New project brings Anglia Square and northern Norwich into focus
PUBLISHED: 16:33 09 July 2019 | UPDATED: 16:33 09 July 2019
It features an eclectic mix of shops and hides a wealth of history.
And now the views of Magdalen Street, the surrounding streets and Anglia Square in the northern area of Norwich can be seen by shoppers and visitors.
Some 120 posters revealing interesting historical facts, as well as what people think of the area, are on shop windows, walls, lamp posts and the Anglia Square flyover until the end of this week.
They were put up by The Common Lot - a Norwich-based collective which puts on community theatre - and are part of its year-long project Anglia Square: A Love Story.
It launched in December last year and was prompted by the controversial decision by Norwich City Council to redevelop Anglia Square - despite numerous objections.
A planning inquiry is due to be held over that decision next year.
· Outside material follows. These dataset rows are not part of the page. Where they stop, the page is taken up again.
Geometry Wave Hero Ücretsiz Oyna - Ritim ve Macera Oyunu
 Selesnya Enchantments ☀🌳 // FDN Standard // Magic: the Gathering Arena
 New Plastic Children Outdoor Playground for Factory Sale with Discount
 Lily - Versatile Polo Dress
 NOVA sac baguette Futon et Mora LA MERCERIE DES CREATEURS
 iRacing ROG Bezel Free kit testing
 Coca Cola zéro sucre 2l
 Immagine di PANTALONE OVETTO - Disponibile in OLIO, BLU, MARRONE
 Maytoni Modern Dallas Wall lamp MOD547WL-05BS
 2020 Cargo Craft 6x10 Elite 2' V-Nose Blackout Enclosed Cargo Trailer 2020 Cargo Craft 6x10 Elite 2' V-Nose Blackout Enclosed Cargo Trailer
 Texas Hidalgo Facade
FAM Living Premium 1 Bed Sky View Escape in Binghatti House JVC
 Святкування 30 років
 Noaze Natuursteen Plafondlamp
Comments about Anglia Square feature among the displays.
Jacqui Mackay, project manager of Anglia Square: A Love Story, said: "What we are able to do is capture a lot of differing opinions. The project gives the community the opportunity to reflect on what the area means to them."
The opinions and history were gathered by over 40 volunteers.
Students aged seven to 15 from Sewell Park Academy, Wensum Junior School, George White Junior School, Mile Cross Primary School and Angel Road Junior School, all in Norwich, also formed part of the project in terms of gathering oral and written histories.
Alongside the posters, The Common Lot created its Anglia Square: A Love Story production which features the same history, stories and opinions collated by its volunteers.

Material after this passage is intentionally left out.